Sowftware and Evidence | Assembly | Complete BUSCO | Single BUSCO | Duplicated BUSCO | Fragmented BUSCO | Missing BUSCO | N BUSCO | BUSCO DB |
---|---|---|---|---|---|---|---|---|
BRAKER 1 | Collapsed | 91.5% | 84.4% | 7.1% | 4.7% | 3.8% | 1614 | Embryophyta |
BRAKER 2 | Collapsed | 95.2% | 75.1% | 20.1% | 2.5% | 2.3% | 1614 | Embryophyta |
BRAKER 1 and 2 | Collapsed | 98.6% | 80.0% | 18.6% | 0.1% | 1.3% | 1614 | Embryophyta |
BRAKER 1 | Collapsed | 92.8% | 84.4% | 8.4% | 3.2% | 4.0% | 3236 | Liliopsida |
BRAKER 2 | Collapsed | 92.1% | 73.6% | 18.5% | 4.9% | 3.0% | 3236 | Liliopsida |
BRAKER 1 and 2 | Collapsed | 97.8% | 79.2% | 18.6% | 0.6% | 1.6% | 3236 | Liliopsida |
BRAKER 1 | Hap1 | 91.8% | 84.1% | 7.7% | 3.5% | 4.7% | 3236 | Liliopsida |
BRAKER 2 | Hap1 | 92.0% | 73.9% | 18.1% | 5.1% | 2.9% | 3236 | Liliopsida |
BRAKER 1 and 2 | Hap1 | 97.8% | 79.2% | 18.6% | 0.6% | 1.6% | 3236 | Liliopsida |
BRAKER 1 | Hap1 | 91.8% | 84.1% | 7.7% | 3.5% | 4.7% | 3236 | Liliopsida |
BRAKER 2 | Hap1 | 92.0% | 73.9% | 18.1% | 5.1% | 2.9% | 3236 | Liliopsida |
BRAKER 1 and 2 | Hap1 | 97.8% | 79.7% | 18.1% | 0.6% | 1.6% | 3236 | Liliopsida |
GALBA 1 | Collapsed | 98.4% | 82.8% | 15.6% | 0.6% | 1.0% | 1614 | Embryophyta |
GALBA 3 | Collapsed | 97.0% | 81.7% | 15.6% | 1.4% | 1.3% | 1614 | Embryophyta |
GALBA 1 | Collapsed | 97.3% | 81.7% | 15.6% | 1.4% | 1.3% | 3236 | Liliopsida |
GALBA 3 | Collapsed | 96.4% | 69.4% | 27.0% | 2.0% | 1.6% | 3236 | Liliopsida |
GALBA 1 | Hap1 | 98.0% | 82.5% | 15.5% | 0.9% | 1.1% | 1614 | Embryophyta |
GALBA 3 | Hap1 | 98.1% | 67.6% | 30.5% | 1.2% | 0.7% | 1614 | Embryophyta |
GALBA 1 | Hap1 | 97.3% | 82.4% | 14.9% | 1.7% | 1.0% | 3236 | Liliopsida |
GALBA 3 | Hap1 | 96.7% | 70.5% | 26.2% | 2.0% | 1.3% | 3236 | Liliopsida |
Pay attention that the duplicated BUSCOs here most likely mean alternative gene model versions produced by Augustus and not paralogs.
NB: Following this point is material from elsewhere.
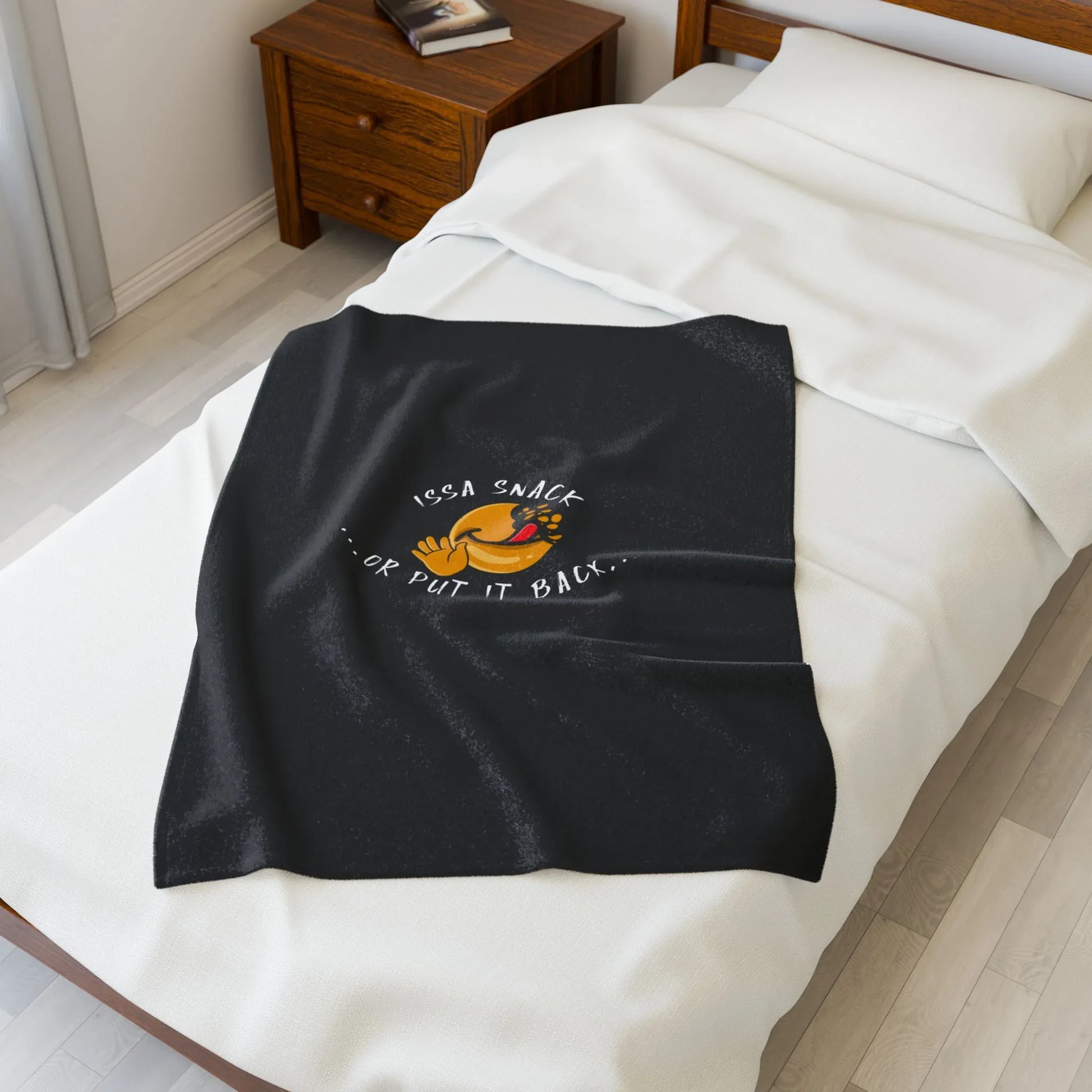 Black throw blanket with snack hand graphic and 'Issa Snack or Put It Back' text on bed
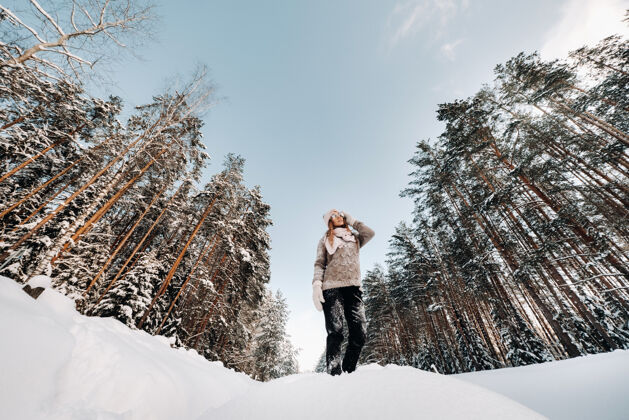雪冬天 一个穿着毛衣和手套的女孩站在被雪覆盖的背景上霜冻森林自然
Also note that we are getting an excelent proportion of complete BUSCOs. In the case of BRAKER the best performance is using both protein and RNASeq evidence. And with GALBA the best performance is with sequences from Viridiplantae form OrthoDB.
But we must not stop at just looking at these numbers. We must look at the overlaps in the BUSCO identification by the different strategies. For instance it could be that one Missing BUSCO in one prediciont set is present in another prediction set. Let's look at that using upsetplots:
Each black ball represent the number of BUSCO genes found. Balls conected with black lines represent intersections. All BUSCO genes found were counted, i.e., complete and fragmented.
Universe represent all BUSCO genes (100%), in either Embryophyta or Liliopsida.
Pay attention that there are some BUSCO genes only present in one of the prediction attempts, which suggests that we should combine all the attempts into a consensus prediction, using TSEBRA or EvidenceModeller.